Silvio Marques
Muitas crendices das gerações, minha, dos meus pais e demais antepassados, de certa forma imbecilizaram parte do nosso raciocínio e nos tolheram, em muito, a liberdade e a nossa essencial potencialidade. Deixaram-nos marcas na infância que possivelmente perduram ainda nos dias de hoje, e talvez fiquem para sempre.
Com o objetivo de que não ficássemos descalços, por exemplo, lembro-me de que diziam com muita naturalidade que o “bicho de pé” entraria pelos nossos pés, iria subir e ficar andando lá dentro da gente. Sentia tanto pavor, que toda a vez que me lembrava disso sentia uma espécie de coceira por dentro. Era o forte poder da palavra agindo na minha mente.
Não é que hoje as crianças sejam menos “babacas” do que eu fui outrora, e não mais estejam suscetíveis a isto. Acontece que nós, seus pais, já temos consciência dos efeitos do poder do que se fala e temos tido mais cuidado com o seu uso.
Para prevenir a saída das crianças para a rua, principalmente à noite; ato que tirava o sossego dos pais e avós, eles anunciavam horrendas criaturas imaginárias e as “colocavam” de plantão nos portões das nossas casas. Nos aprisionavam assim, dentro do nosso próprio medo.
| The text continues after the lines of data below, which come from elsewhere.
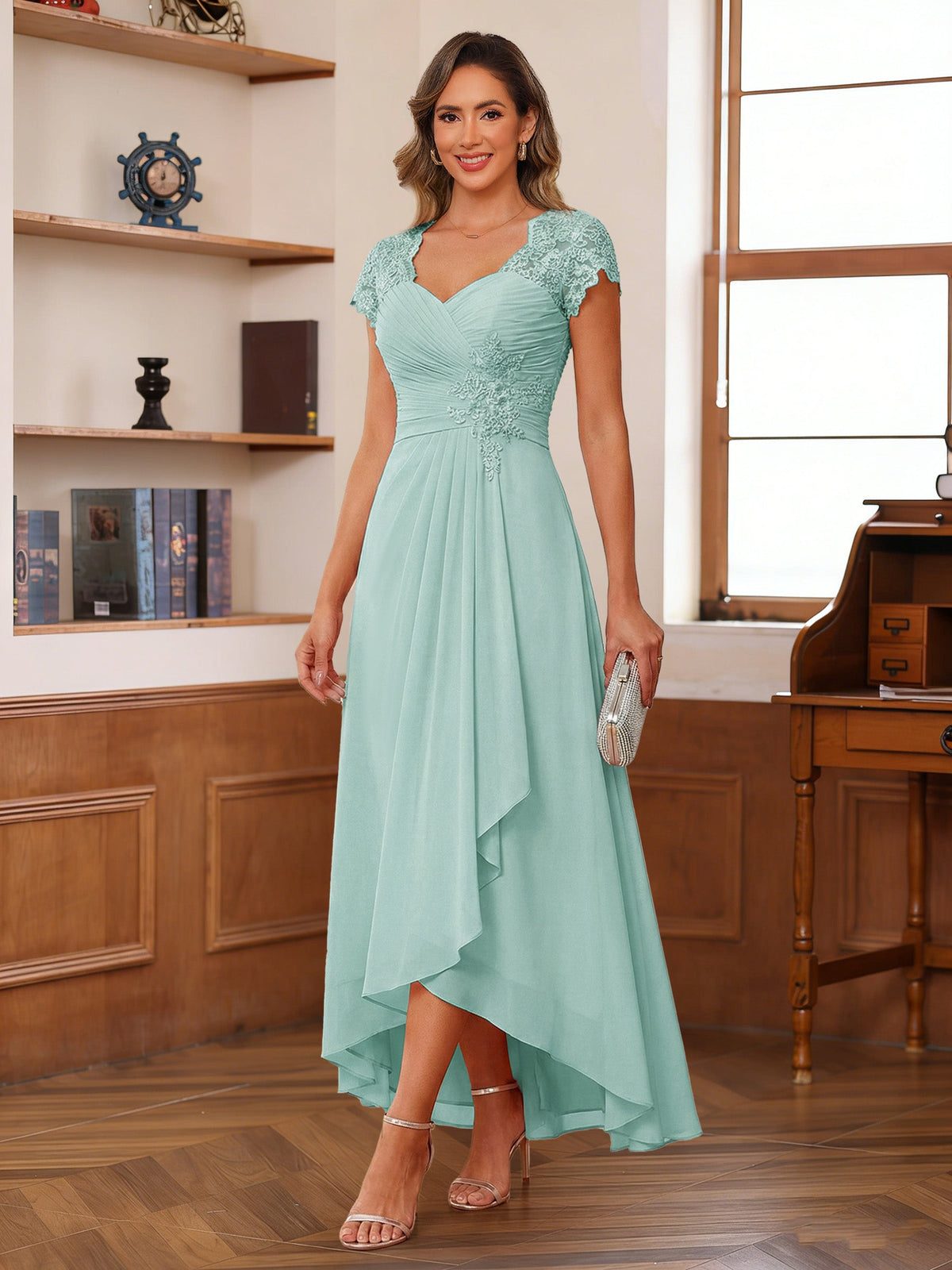 Cecilia Wren Pool Blue front view mother of the bride dress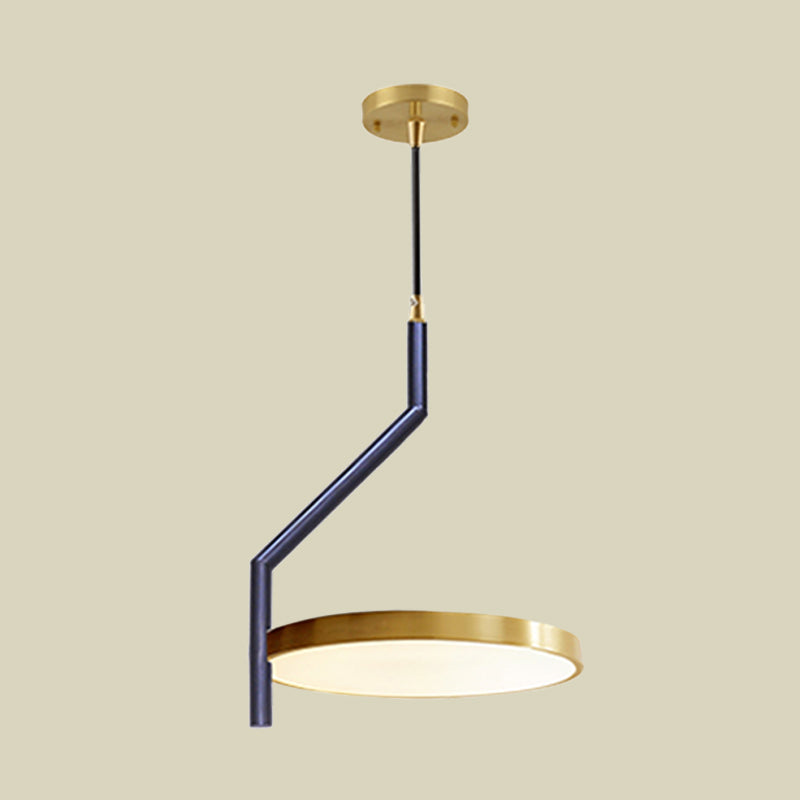 Plafonnier suspendu circulaire moderne noir et doré avec LED, tige incurvée - Parfait pour le salon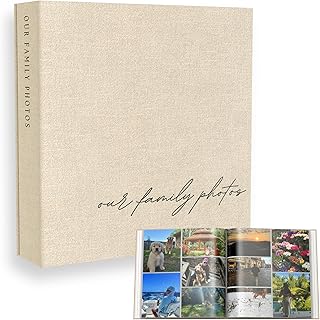 Family Photo Album 4x6 Pictures - Large Linen Picture Book 400 Horizonta...
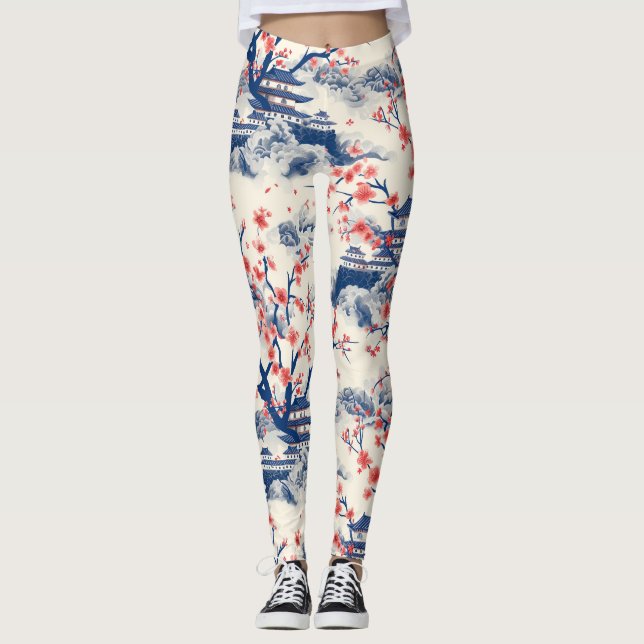 Leggings Élégant Motif sans couture en fleur de cerisier (1 (Devant)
Levei anos para encontrar um meio de me livrar da “mula sem cabeça”. Certo dia o meu medo deu trégua e tive a coragem de pensar nela (na mula). Descobri, na minha santa e pura ingenuidade que: “... se a mula não tem cabeça, ela não tem olhos para me ver. Então, se ela corresse atrás de mim, bastaria eu correr e virar na esquina que ela iria passar direto”. É claro que esta conclusão me trouxe muito conforto. Em compensação, acho que até hoje meu inconsciente luta sutilmente para se livrar do “boi da cara preta”.
Não estou de forma alguma criticando os nossos pais. Atrás desta ação havia um imenso amor e sentimento de proteção. Não obstante, por estes justificáveis equívocos, muitos dos nossos medos atuais são reflexos desses “monstrinhos” que estão registrados no nosso inconsciente. Muitos deles (nossos medos) são descendentes da mula sem cabeça, do boi da cara preta e outros mais. Felizmente o “saci pererê e a cuca” foram desmascarados pelas “Aventuras do Sitio do Pica Pau Amarelo” veiculadas na televisão. A propósito, somente através deste programa é que tomei conhecimento de que a “cuca” era um jacaré. Eu pensava que ela fosse um imenso dragão. Naturalmente. Quanto maior o medo, maior é o bicho papão.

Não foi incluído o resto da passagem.